Plaintiff also demonstrates the absence of any factual question regarding his comparative fault. Sammis v.Nassau/Suffolk Football League, 95 N.Y.2d 809, 810 (2000); Thoma v. Ronai, 82 N.Y.2d 736, 737 (1993); Maniscalco v. New York City Tr. Auth., 95 A.D.3d 510, 513 (1st Dep't 2012); Calcano v. Rodriguez, 91 A.D.3d 468 (1st Dep't 2012). See Gonzalez v. ARC Interior Constr., 83 A.D.3d 418, 419 (1st Dep't 2011); Strauss v. Billig, 78 A.D.3d 415, 416 (1st Dep't 2010); Tselebis v. Ryder Truck Rental, Inc., 72 A.D.3d 198, 200 (1st Dep't 2010). The record does not reveal that plaintiff was aware of any currently broken, weak, or other unsafe condition of the railing or any negligence on his part. His use of the railing for its intended purposes, to maintain his balance and guard against a fall, especially when the evidence discloses that the platform surface may have been slippery, was-reasonable under the circumstances. E.g., Wesley v. City of New York, 76 A.D.3d 925, 926 (1st Dep't 2010).

In fact, plaintiff's failure to use the railing might have amounted to comparative negligence. See Williams v. 520 Madison Partnership, 38 A.D.3d 464, 466 n.2 (1st Dep't 2007). As Wagner acknowledged, "it would be natural to hold something with one hand" to brace oneself when closing the heavy door. Aff. of Jeffrey A, Rubin Ex. B, at 22. See Wesley v. City of New York, 76 A.D.3d at 926-27.
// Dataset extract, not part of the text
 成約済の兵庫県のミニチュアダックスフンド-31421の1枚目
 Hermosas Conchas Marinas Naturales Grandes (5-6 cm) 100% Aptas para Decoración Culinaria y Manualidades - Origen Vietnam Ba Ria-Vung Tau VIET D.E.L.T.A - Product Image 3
IV. DEFENDANTS' OPPOSITION

Defendants contend that plaintiff disregarded an open and obvious unsafe condition, which would not negate defendants' duty to maintain their premises in a reasonably safe condition,Francis v. 107-145 W. 135th St. Assoc., Ltd. Partnership, 70 A.D.3d 599, 600 (1st Dep't 2010); Tuttle v. Ann LeConey, Inc., 258 A.D.2d 334, 335 (1st Dep't 1999), but which might raise factual questions regarding plaintiff's comparative negligence. Saretsky v. 85 Kenmare Realty Corp., 85 A.D.3d 89, 90 (1st Dep't 2011); Francis v. 107-145 W. 135th St. Assoc., Ltd. Partnership, 70 A.D.3d at 600; Tuttle v. Ann LeConey, Inc., 258 A.D.2d at 335. Although the railing was readily observable to plaintiff, no evidence indicates any observable broken, weak, or other unsafe condition of the railing. Saretsky v. 85 Kenmare Realty Corp., 85 A.D.3d at 92; Westbrook v. WR Activities-Cabrera Mkts., 5 A.D.3d 69, 72 (1st Dep't 2004). Plaintiff's awareness that the door was heavy and that the weather was rainy does not demonstrate his awareness of any reason not to use the railing for its intended purposes.

The fact that the door was heavy only indicates that more of plaintiff's body weight was applied pulling on the door rather that pushing against the railing. Insofar as defendants suggest that he might have avoided using the railing altogether had he lubricated the door or summoned two guards who were nearby to assist with closing the door, he bore no duty to do so. Moreover, even though the guards may have been nearby, plaintiff testified that only he was authorized to be in the area of the door.